# Directions
The records that follow are to be repeated exactly, with the pictures removed.
BEGIN Information shown
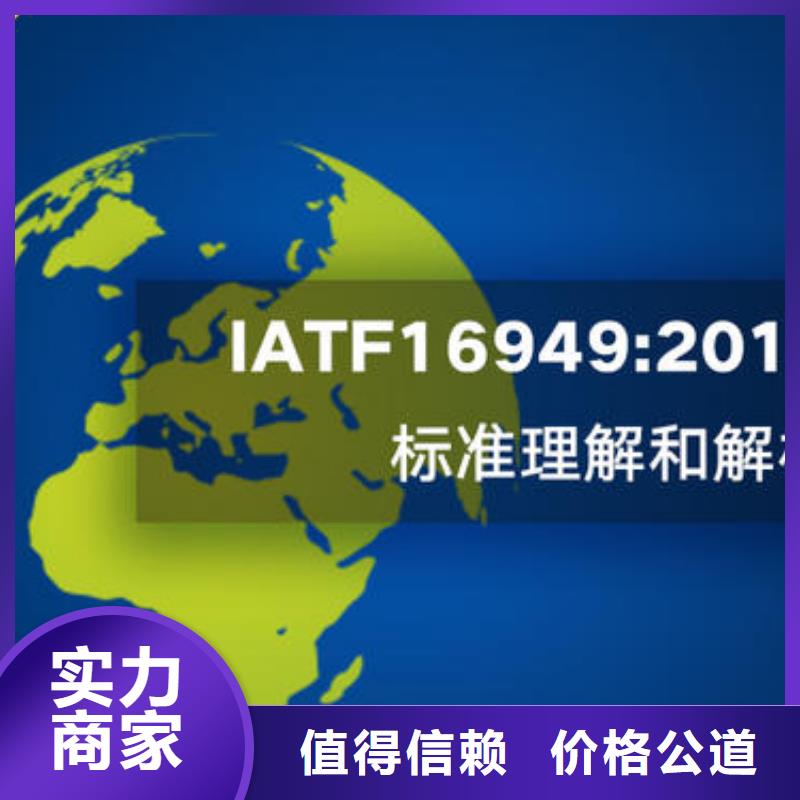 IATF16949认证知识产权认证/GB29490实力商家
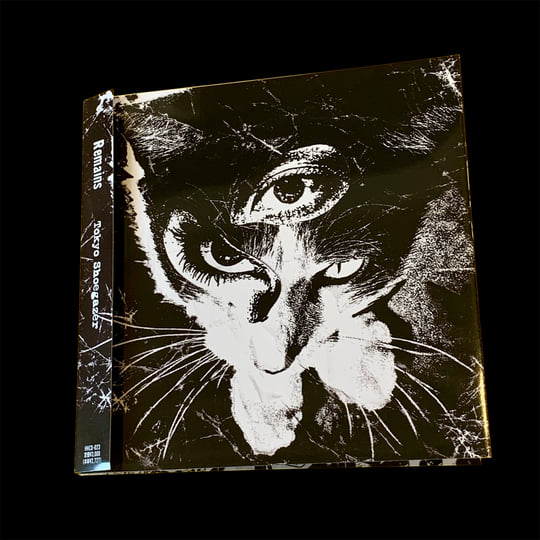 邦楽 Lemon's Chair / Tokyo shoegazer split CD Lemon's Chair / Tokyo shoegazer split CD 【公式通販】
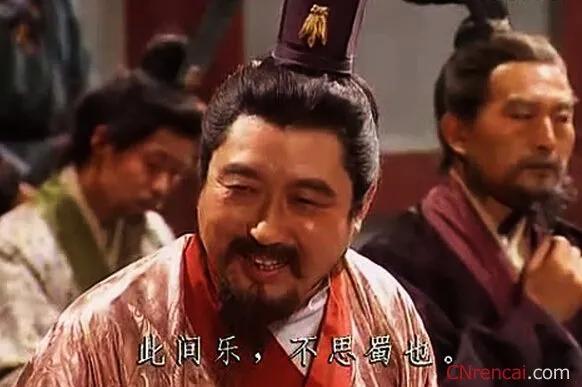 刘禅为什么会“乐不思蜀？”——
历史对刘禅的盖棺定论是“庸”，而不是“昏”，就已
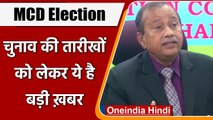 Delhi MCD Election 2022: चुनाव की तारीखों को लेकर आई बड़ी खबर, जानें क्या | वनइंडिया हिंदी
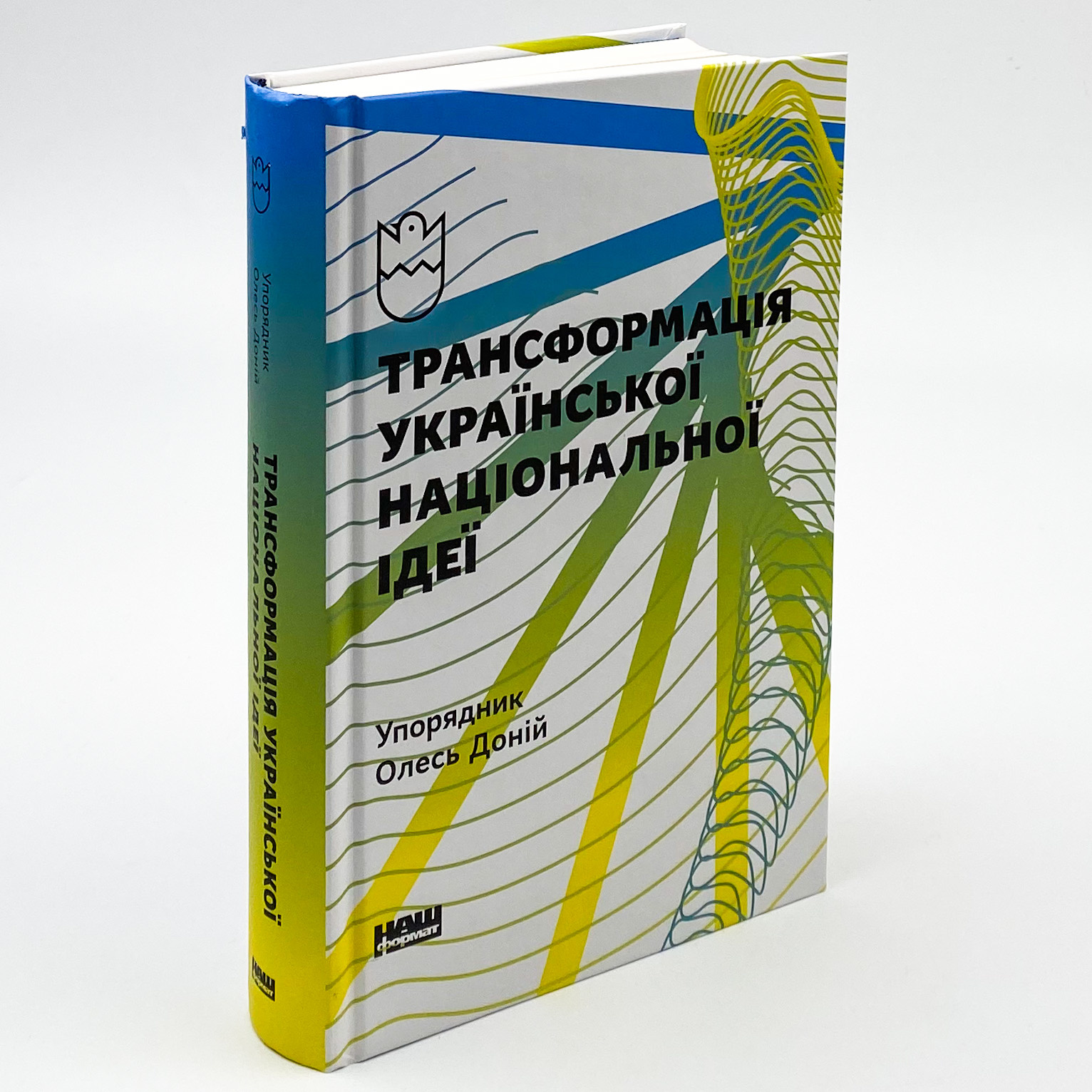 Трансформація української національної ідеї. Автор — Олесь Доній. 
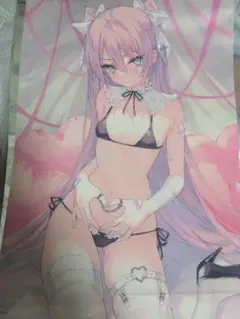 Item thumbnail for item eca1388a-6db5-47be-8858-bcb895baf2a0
END Information shown
# Result for this exercise
 IATF16949认证知识产权认证/GB29490实力商家
 邦楽 Lemon's Chair / Tokyo shoegazer split CD Lemon's Chair / Tokyo shoegazer split CD 【公式通販】
 刘禅为什么会“乐不思蜀？”——
历史对刘禅的盖棺定论是“庸”，而不是“昏”，就已
 Delhi MCD Election 2022: चुनाव की तारीखों को लेकर आई बड़ी खबर, जानें क्या | वनइंडिया हिंदी
 Трансформація української національної ідеї. Автор — Олесь Доній. 
 Item thumbnail for item eca1388a-6db5-47be-8858-bcb895baf2a0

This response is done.